Midway through the second half of You Can’t Polish A Nerd, Steve Mould neatly encapsulates the show in one line: “It creates images on your oscilloscope. It’s so cool!”

Because of course you have an oscilloscope. And of course you would use it - or failing that, a balloon and a laser to reproduce the visualisations of late-1990s WinAmp.

FotSN is all about celebrating the nerdy. The clue’s in the name, frankly. It’s about using science to do things you’re told you shouldn’t do (like mess around with your microwave). It’s about using maths to do things you probably would never have thought to do (like recreate Escher-esque effects in real time using a spherical camera). And it’s about using music to communicate science in a mischievous and entertaining way (like how radioactive Cornwall is).

The format of the show ((as opposed to the format of the release, which is either download, DVD or floppy disk - obviously)) is straightforward: three performers take turns to share something geeky for a few minutes. Helen Arney sings a sciency song (The Elements with a bonus extra verse!). Steve Mould does something experimental (gravitational waves on a lycra sheet!). Matt Parker does some sums (estimating $\pi$ using a pendulum with a pie on it!). And they finish with a semi-improvised big number that rounds everything off.
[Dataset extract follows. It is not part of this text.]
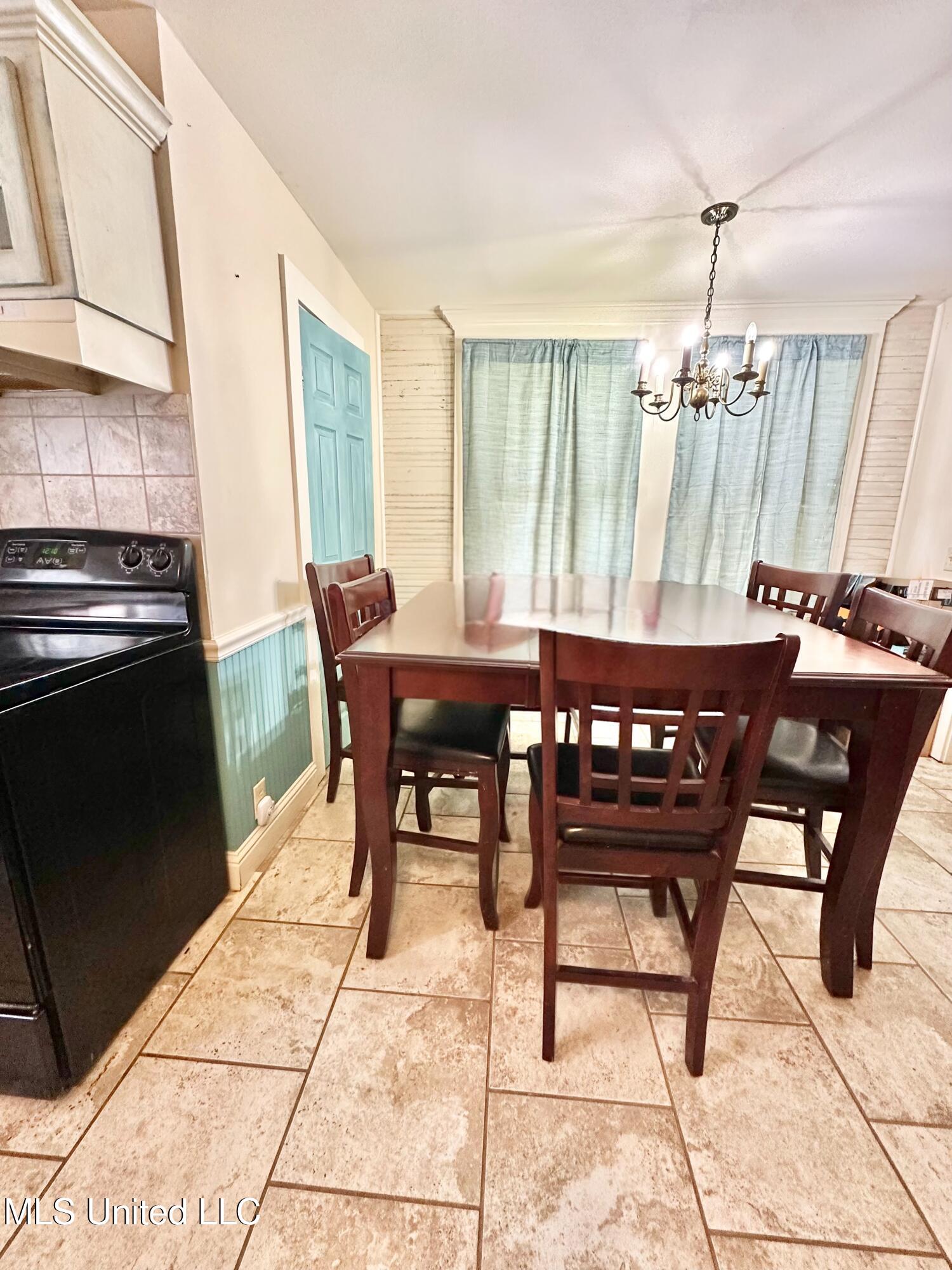 544 Liberty Road Property Photo 7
And it’s a joy! Full of in-jokes and callbacks, full of interplay between the presenters, full of… taking an interesting idea and stretching it until it becomes ridiculous, and then stretching it a bit more.
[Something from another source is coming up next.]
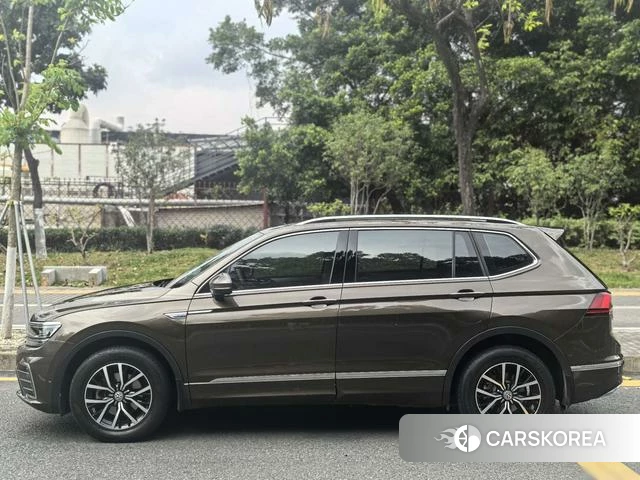 Volkswagen Tiguan L PHEV id 4213021 из Китая 19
It has its patchy moments, of course – occasionally someone will get overexcited about the coolness of the thing they’re demonstrating and forget that they’re meant to be demonstrating it, sometimes the back-and-forth doesn’t quite hit home, and sometimes a presenter might decide to sully a beautiful mathematical constant by trying to approximate it with… (shudder) physics.

But that’s all forgivable, even the physics - after all, it’s an inclusive show, and physicists can be nerds too. It’s smart people taking delight in showing off clever things, and the atmosphere is like it would be at someone’s flat when a guest says “did you know [x]?” and someone else says “that can’t be true” and the first says “there’s only one way to settle this - with SCIENCE!” ((That’s what happens at parties, right?))

I think it’s fantastic that the internet has made it possible for such a show to spring up, and to sell out venues around the country. Support it. There should be more like it.

You Can’t Polish A Nerd is available at the FotSN website

* Disclosure: I was sent a free preview of the show.